O que tornava possível, para Tocqueville, essa conciliação nos Estados Unidos? A inscrição da razão prática na rule of law colocada acima da soberania do povo, como supõe Habermas? Esta é uma interpretação demasiado "institucional" do pensamento de Tocqueville. Para ele, soberania popular e uma esfera de liberdade "negativa" podem coexistir não apenas porque se adotam determinados procedimentos políticos e jurídicos, cuja importância, de qualquer modo, ele de forma alguma subestima. Mais do que suas leis e instituições políticas, o que permitia à democracia americana operar sem o risco de tirania da maioria, para Tocqueville, era a existência de um consenso normativo - as crenças e disposições morais e intelectuais compartilhadas por todos e que estão fora da conflitualidade política - presente no que ele chama de costumes. Para o autor de A democracia na América, são sobretudo costumes que mantêm vivos tanto a virtude política dos cidadãos, isto é, o desejo de participar dos negócios públicos, como o gosto pela liberdade e independência individuais.

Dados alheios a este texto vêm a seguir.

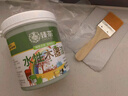 臻蒂 水性木器漆透明室内家具门窗翻新修补彩色面漆防水净味改色木漆 白色 1kg 实拍图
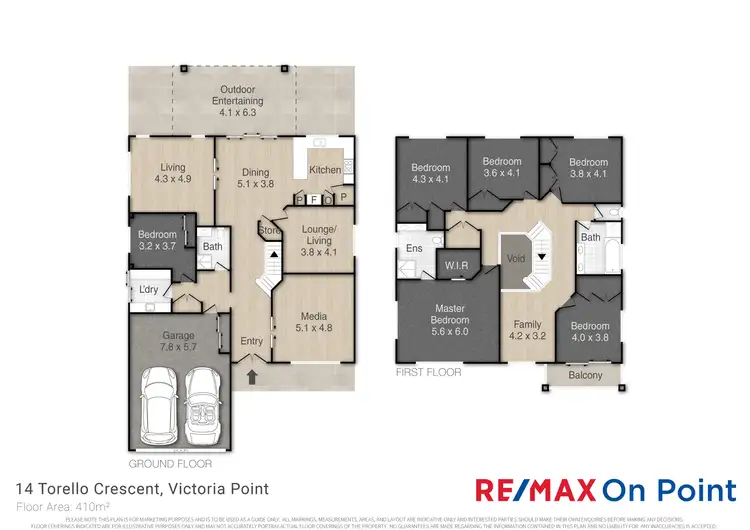 Floorplan of Homely house listing, 14 Torello Crescent, Victoria Point QLD 4165
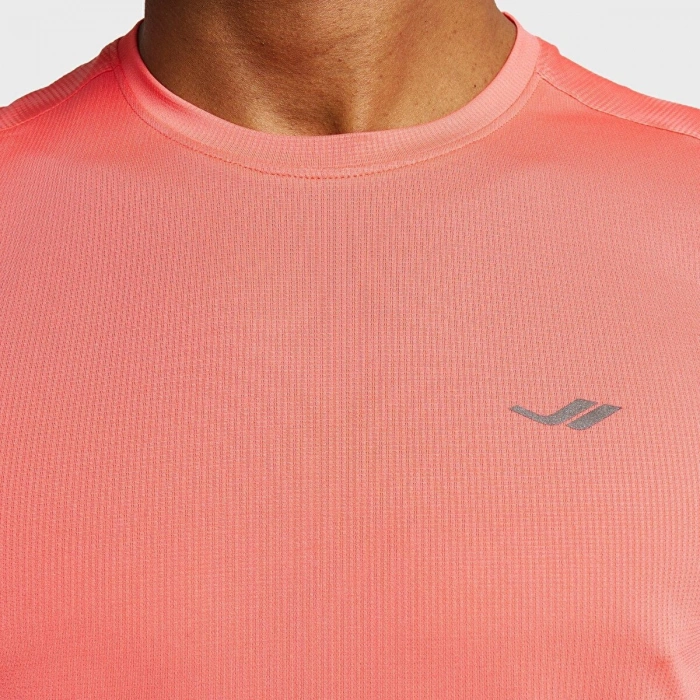 Lescon Erkek Koşu Kısa Kol T-Shirt Mercan 26B-1012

Uma das crenças mais fortes que Tocqueville nota nos costumes americanos é a que pode ser expressa na seguinte fórmula, de teor obviamente liberal: "O indivíduo é o melhor juiz de seus próprios interesses." O indivíduo se vê como súdito somente no que se refere a seus deveres enquanto cidadão. "Em tudo o que só diz respeito a ele mesmo, continua sendo senhor: é livre e só a Deus deve contas das suas ações. Daí a máxima de que o indivíduo é o melhor e exclusivo juiz do seu interesse particular e de que a sociedade não tem o direito de dirigir as suas ações a não ser quando se sente lesada pelo seu ato ou quando tem necessidade de reclamar o seu concurso"24 24 Idem, ibidem, p. 57, .

Há aí a idéia, que Tocqueville diz ter percebido "infinitas vezes" nas leis a instituições americanas, de que buscando seus interesses próprios os indivíduos contribuem para o bem comum. O costume de negar ao governo o direito de se intrometer em determinadas dimensões. da vida pode ser fundamental para impedir a forma de despotismo (da maioria) que Tocqueville tanto temia. Mas é claro que a idéia de que perseguindo interesses próprios os indivíduos contribuem para o bem comum (e isso Tocqueville também percebeu muito bem nos Estados Unidos) já contém os germes do alheamento dos assuntos públicos - em especial quando se trata de questões mais afastadas dos interesses particulares imediatos. Como assegurar a realização do bem comum quando o custo de uma determinada ação, do ponto de vista da utilidade própria de cada indivíduo, é maior do que seus benefícios?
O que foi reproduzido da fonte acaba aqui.